Las autorizaciones de uso de las aguas y los usos productivos

Por Tatiana Celume, académica de la Facultad de Derecho y Ciencias Sociales, U. San Sebastián

Hay muchos hitos en la legislación de aguas chilenas. La calificación de las aguas como bienes nacionales de uso público permitió que bajo su amparo se gestaran diversos modelos de gestión del recurso. Podemos afirmar que el Código de Aguas de 1951 no se condice con el de 1967 ni con el de 1981. Asimismo, el Código de 1981 no es el mismo que el de 2005 ni el de 2022. El legislador, en democracia, ha sido el intérprete de los cambios sociales, políticos y culturales que han ido tiñendo las modificaciones al régimen público de las aguas. Con la reforma al Código de Aguas de 2022, se reconoció que las aguas son polifuncionales y que no solo tienen un fin productivo, sino que también uno de subsistencia y uno de preservación ecosistémica.
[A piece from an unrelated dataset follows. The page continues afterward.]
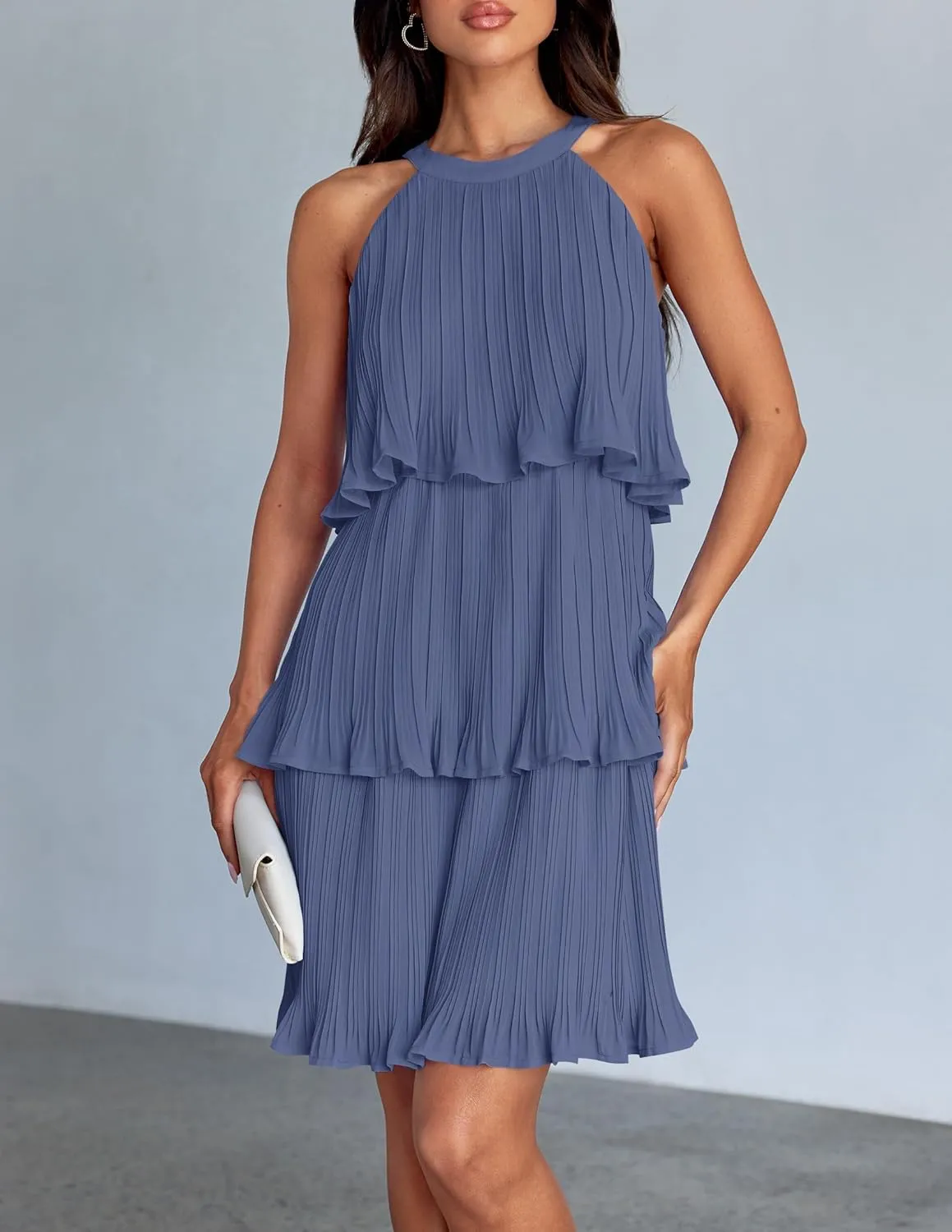 ZESICA Women's 2025 Summer Halter Dresses Sleeveless Ruffle Tiered Layered Chiffon Pleated A Line Swing Mini Dress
En este sentido, se priorizó el uso de las aguas para el consumo humano y el saneamiento y se protegieron los usos medioambientales.

Por su parte, los derechos de aprovechamiento que antaño habían sido considerados derechos absolutos, ausentes de cargas ambientales y perpetuos, pasaron a ser concesiones temporales, susceptibles de extinguirse por su no uso y de caducar por su no inscripción. Todo lo anterior bajo la lógica de ponerle fin al acaparamiento ocioso -y a la especulación- con los derechos, asegurando su uso efectivo y robusteciendo a la Administración con sendas facultades para intervenir en la redistribución de las aguas.

Sin perjuicio de que hoy los derechos de aprovechamiento se dibujen como prerrogativas limitadas que importan serias cargas a sus titulares, la Comisión de Normas Transitorias de la Convención Constitucional ha aprobado que todos estos pasen a constituirse en autorizaciones al tenor de la nueva Constitución, esto es, autorizaciones “incomerciables”. Está demás señalar que las autorizaciones, de por sí, son incomerciables, por lo que no era necesario reafirmarlo en el texto constitucional. Lo que conviene indicar es que estas autorizaciones no serían constitutivas de derechos, sino que se traducirían en un acto de mera tolerancia de la Administración que aprobaría o denegaría el uso de las aguas, pudiendo revocarlas sin necesidad de indemnizar a los particulares. Estos permisos o licencias de uso no se incorporarían en el patrimonio de las personas, no pudiendo los usuarios realizar negocios jurídicos respecto de ellos ni transmitir estos títulos a sus herederos.

En otras palabras, un agricultor no va a poder hipotecar estas autorizaciones para obtener financiamiento; una empresa sanitaria estará impedida de comprarlas cuando requiera satisfacer la demanda de consumo humano de la población; un usuario, cualquiera que fuere, no tendrá ningún incentivo en darle un uso eficiente y responsable a las aguas, optimizando su uso y desprendiéndose de aquellos caudales que no requiere; y, una minera no podrá arrendar autorizaciones a la comunidad para llevar a cabo su proyecto. En suma, la incomerciabilidad de estas autorizaciones hace ilusorio cualquier atisbo de mercado de derechos de aprovechamiento entregando la reasignación del uso de las aguas, en su totalidad, al Estado. Bajo esta lógica, se desconoce el uso productivo de las aguas sea éste de consumo humano, minero, agrícola o industrial, quebrantándose el principio de la polifuncionalidad de las aguas.